**Directions**
Restate exactly, and only, the lines from the one containing "Pajamas women's summer" through the end of the entries, keeping both endpoints.

**Scraped caption text data**

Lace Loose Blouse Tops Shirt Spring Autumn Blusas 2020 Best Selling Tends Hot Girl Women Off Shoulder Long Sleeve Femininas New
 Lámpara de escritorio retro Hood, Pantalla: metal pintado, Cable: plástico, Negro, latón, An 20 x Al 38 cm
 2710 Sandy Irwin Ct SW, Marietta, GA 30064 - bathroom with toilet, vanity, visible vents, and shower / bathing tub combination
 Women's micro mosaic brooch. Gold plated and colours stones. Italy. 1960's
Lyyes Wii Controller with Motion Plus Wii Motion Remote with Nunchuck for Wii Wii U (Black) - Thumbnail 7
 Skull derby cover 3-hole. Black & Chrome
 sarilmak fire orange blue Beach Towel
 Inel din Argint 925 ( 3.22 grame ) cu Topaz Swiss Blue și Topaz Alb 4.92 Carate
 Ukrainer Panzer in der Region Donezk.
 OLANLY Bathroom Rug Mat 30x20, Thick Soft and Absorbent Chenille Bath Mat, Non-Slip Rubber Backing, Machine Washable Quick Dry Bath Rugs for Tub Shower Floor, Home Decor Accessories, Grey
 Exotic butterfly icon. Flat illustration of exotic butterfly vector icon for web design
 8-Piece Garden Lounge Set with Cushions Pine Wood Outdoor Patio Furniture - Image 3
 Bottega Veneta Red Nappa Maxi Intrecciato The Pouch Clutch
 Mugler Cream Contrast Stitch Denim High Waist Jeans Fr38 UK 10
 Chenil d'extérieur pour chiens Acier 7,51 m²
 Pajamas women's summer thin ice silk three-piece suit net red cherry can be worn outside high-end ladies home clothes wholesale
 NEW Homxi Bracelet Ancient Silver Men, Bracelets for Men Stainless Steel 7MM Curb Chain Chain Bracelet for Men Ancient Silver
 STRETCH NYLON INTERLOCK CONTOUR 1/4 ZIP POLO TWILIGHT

**Reply to the exercise**
 Pajamas women's summer thin ice silk three-piece suit net red cherry can be worn outside high-end ladies home clothes wholesale
 NEW Homxi Bracelet Ancient Silver Men, Bracelets for Men Stainless Steel 7MM Curb Chain Chain Bracelet for Men Ancient Silver
 STRETCH NYLON INTERLOCK CONTOUR 1/4 ZIP POLO TWILIGHT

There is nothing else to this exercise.